■ **Work to be completed**
Produce an exact copy of all the data below, dropping every image.

■ **Supplied information**

* * * * * * * * *

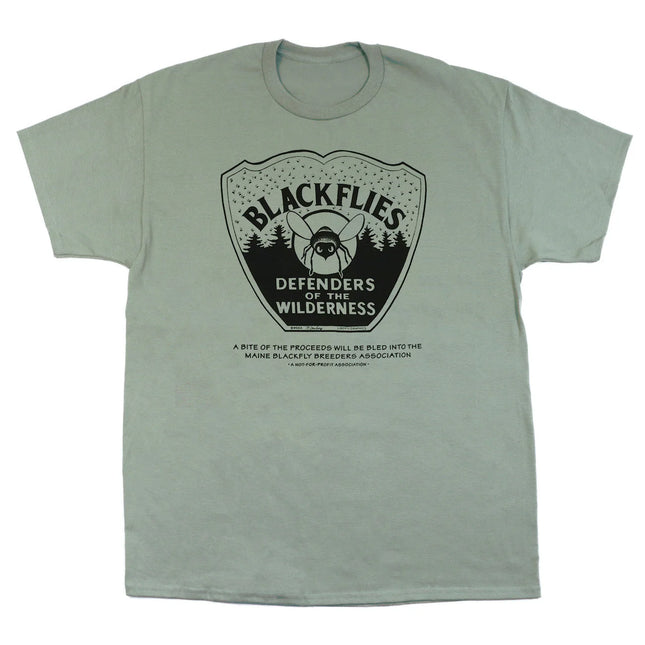 Light green t-shirt with black graphic of a blackfly on an emblem with the text "Blackflies Defenders of the Wilderness"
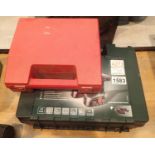 A cased Bosch PSR18 cordless drill with charger, two batteries and also a various sized drill hole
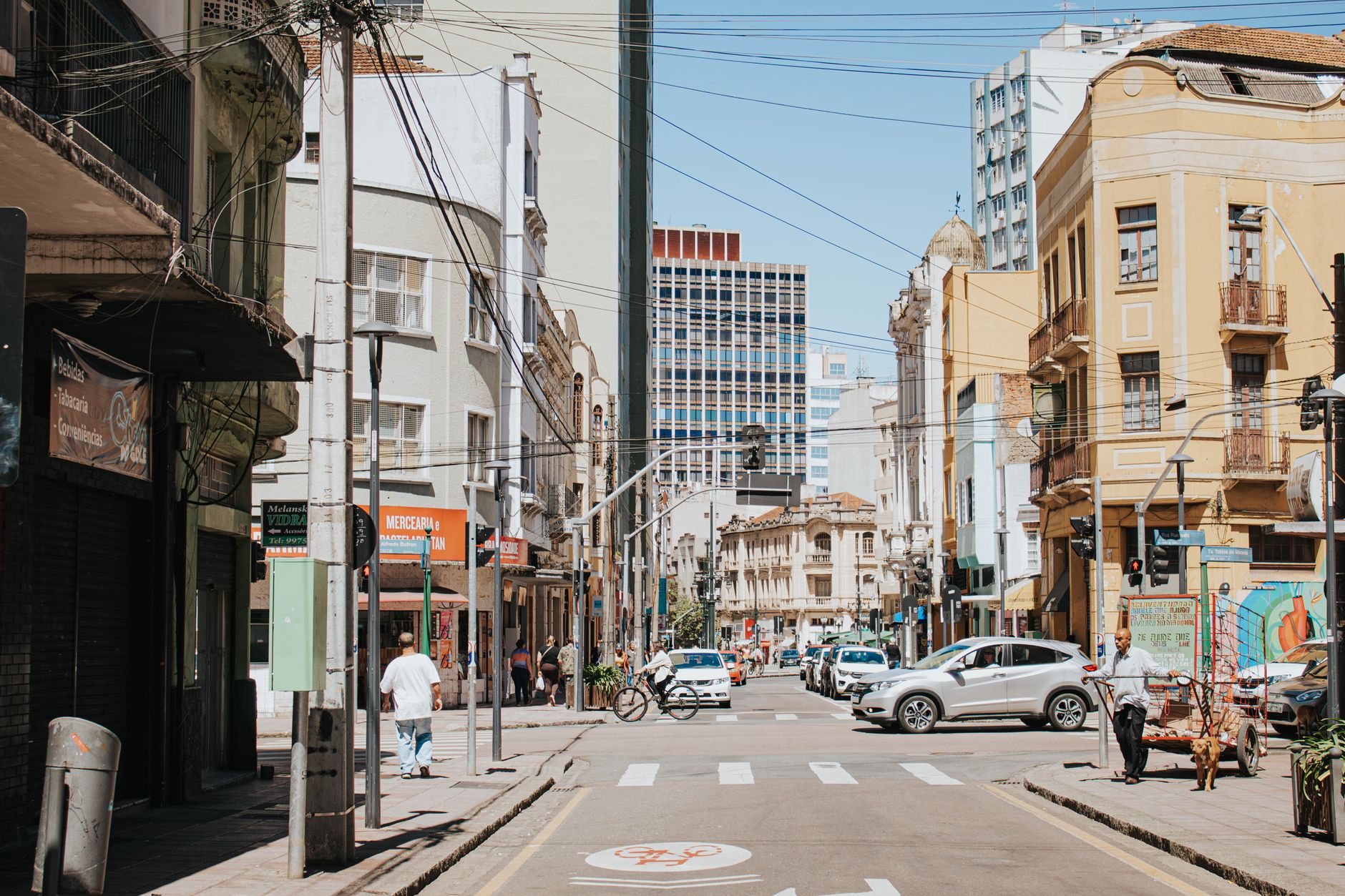 Lively intersection in Curitiba's cityscape with vehicles and pedestrians.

* * * * * * * * *

■ **Exercise answer**
 Light green t-shirt with black graphic of a blackfly on an emblem with the text "Blackflies Defenders of the Wilderness"
 A cased Bosch PSR18 cordless drill with charger, two batteries and also a various sized drill hole
 Lively intersection in Curitiba's cityscape with vehicles and pedestrians.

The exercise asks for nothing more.